• **Exercise**:
Among the lines below, the one containing "Now you know" opens the range and the one containing "So that's all" closes it. Print that range exactly, without the pictures.

• **Supplied entries**:
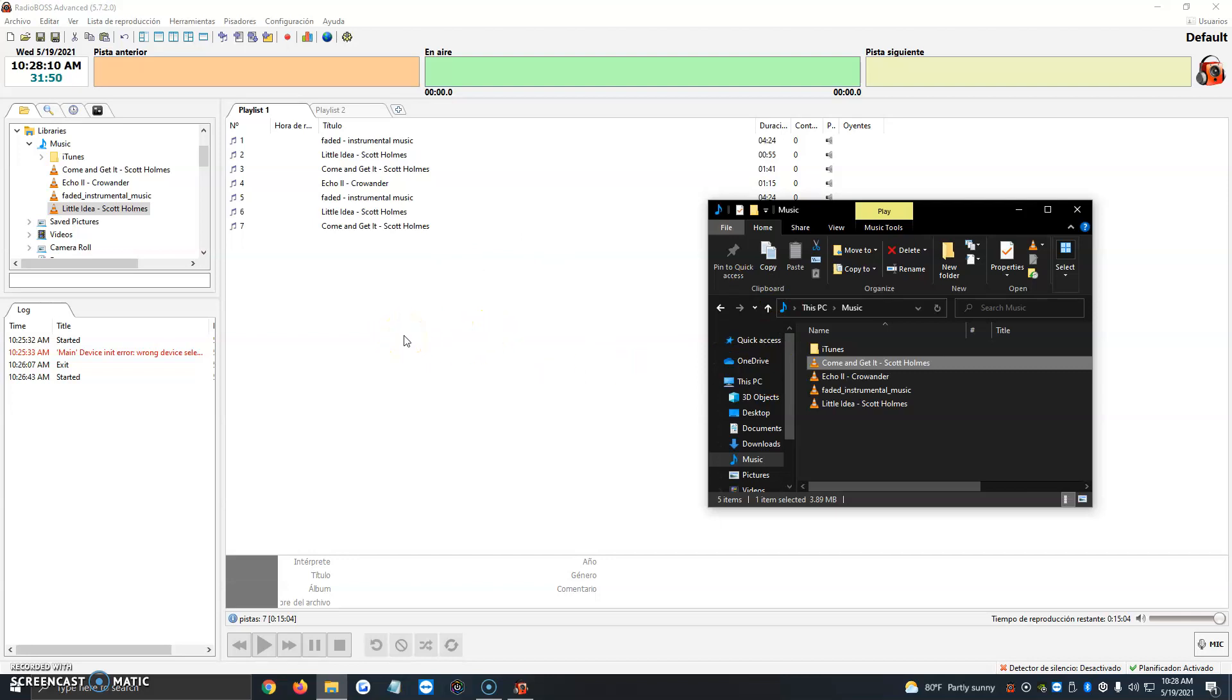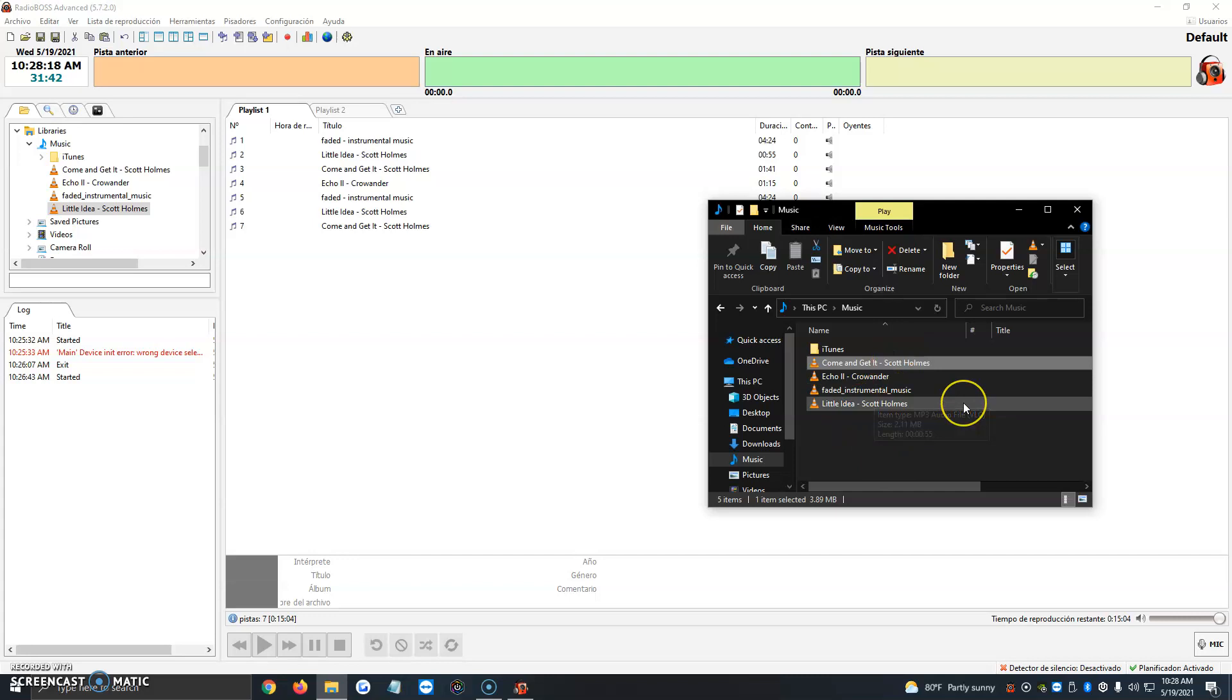So there's basically three different ways to add music. You can go by the File Explorer here in Radio Boss. Then you can click on it or double-click them. And then you can just go by the File Explorer in your computer.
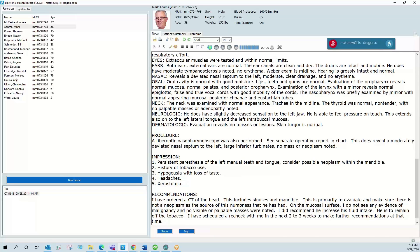Okay, so that quickly shows how we can navigate, use straight dictation, macro commands, editing and quickly complete a note after visiting with our patient.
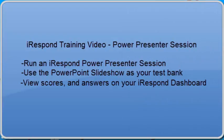Hello and welcome to iRespond training. In this training video, we will show you how to use your previously created PowerPoint presentations in an iRespond session.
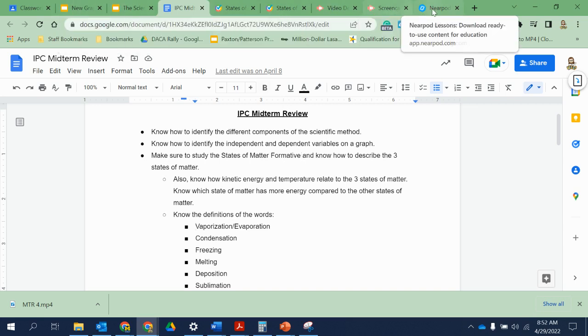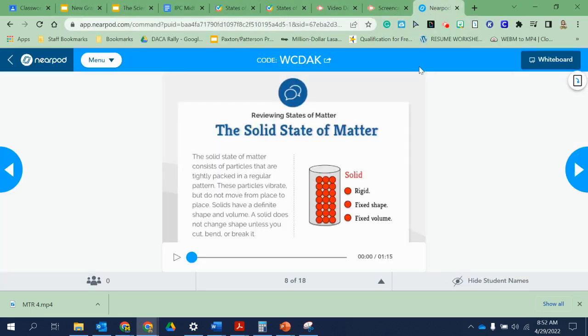Remember, we talked about that when we saw the video having to do with the states of matter. When you're talking about a solid, it kind of looks like this — it's very rigid. It has a fixed shape and a fixed volume.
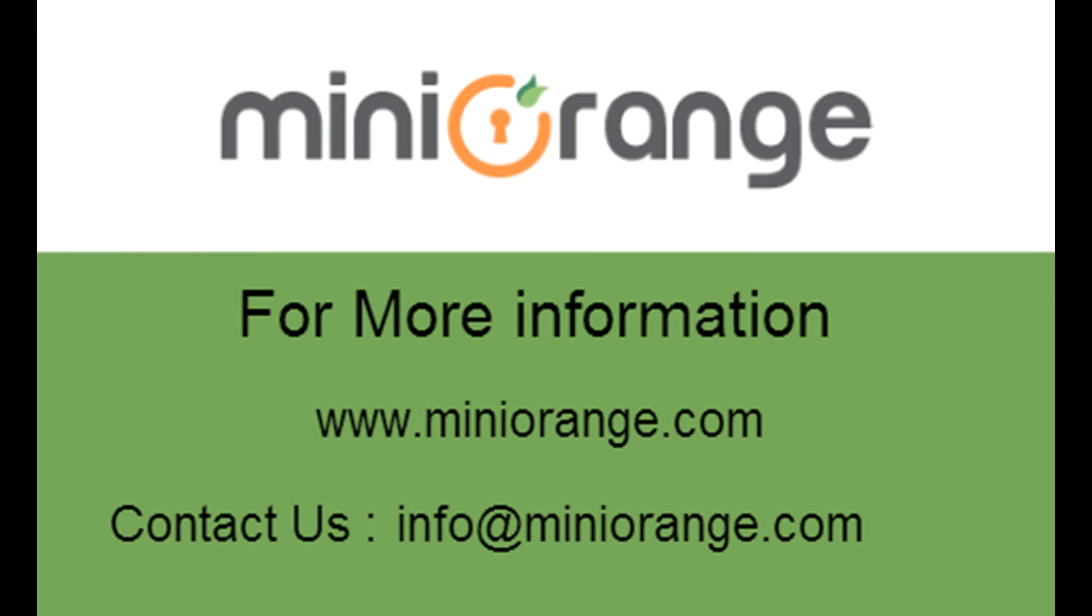Thank you for choosing Mini Orange. For more information, visit MiniOrange.com or contact us at info at MiniOrange.com.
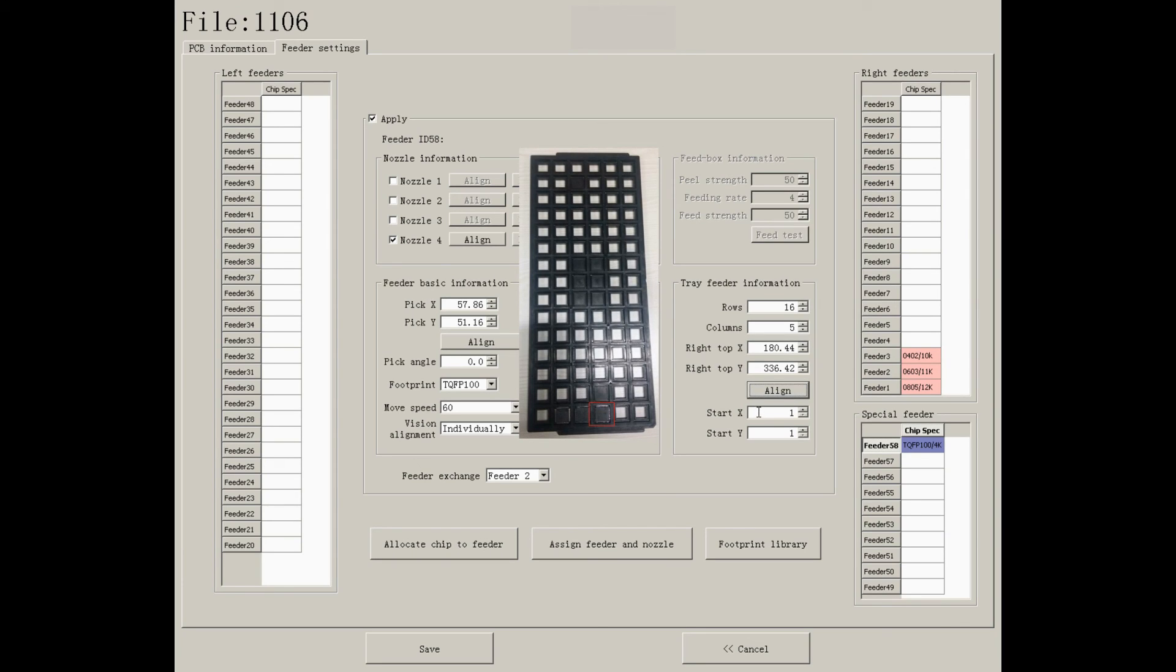Start X, Y means the positioning of the component you want to start with. In this tray feeder, I will start with the component which is the fourth in the X direction and first in the Y direction.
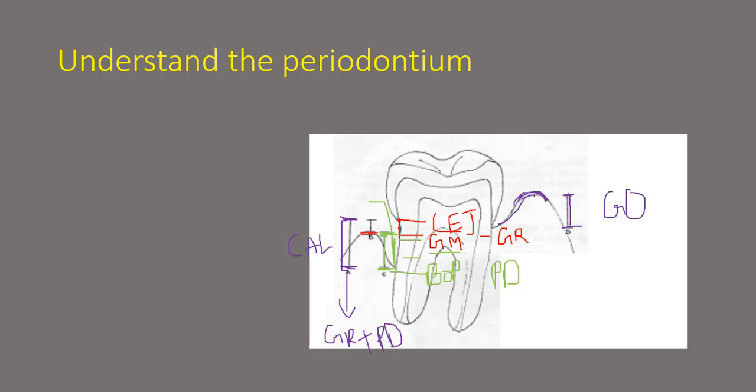So this is also known as the false pocket because it's a pseudo pocket or it is also known as a negative recession.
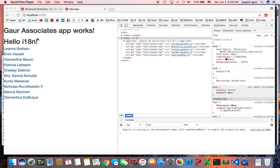Welcome. Today I would like to talk about Angular 2 and how you can use ng-container. I will just give a quick example, so let's get started.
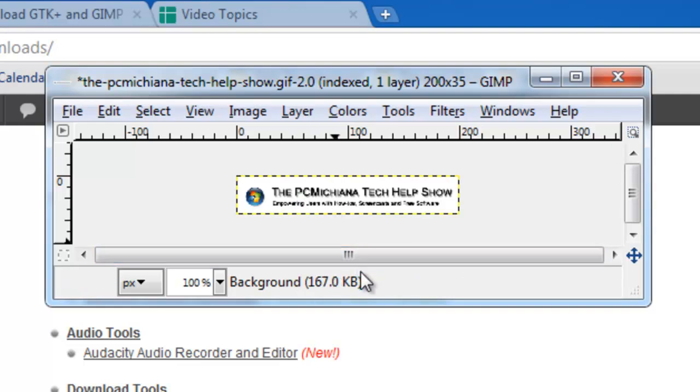Now you know how to scale, resize, and export an image from any program you might have open on your computer, including the internet. As always, thanks for stopping by. Don't forget to leave comments and ratings. And don't forget to subscribe and stay tuned. I have plenty more videos to come.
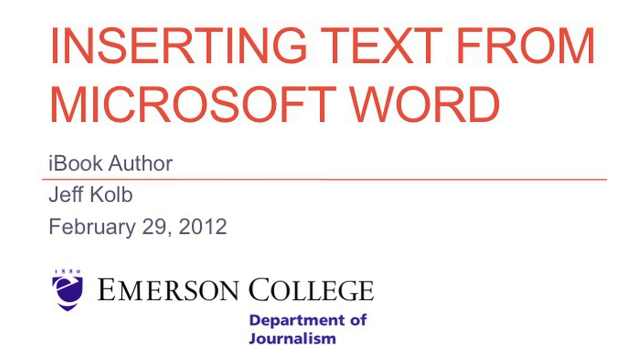In this video, we will demonstrate how to insert a Microsoft Word text document into iBook Author and then modify it accordingly.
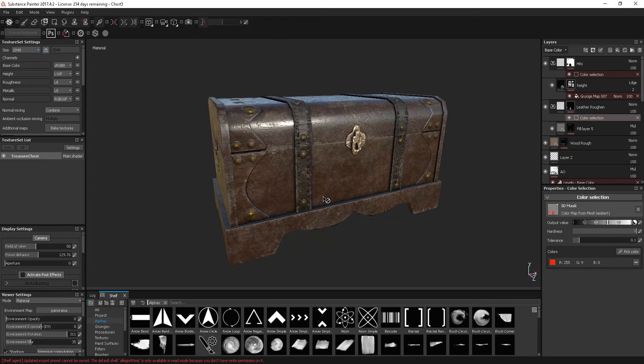So that's all there is to it in terms of exporting textures, just for now. And that's the end of the tutorial.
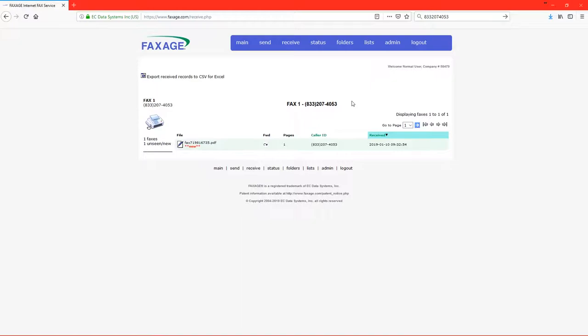If there are any new faxes for you, you'll be able to see them here. The tag here that says new means that you have not read this fax from the website before. Please note that this may still say new if you have email routing turned on.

• **Solution to the problem**:
Now you know how to scale, resize, and export an image from any program you might have open on your computer, including the internet. As always, thanks for stopping by. Don't forget to leave comments and ratings. And don't forget to subscribe and stay tuned. I have plenty more videos to come.
In this video, we will demonstrate how to insert a Microsoft Word text document into iBook Author and then modify it accordingly.
So that's all there is to it in terms of exporting textures, just for now. And that's the end of the tutorial.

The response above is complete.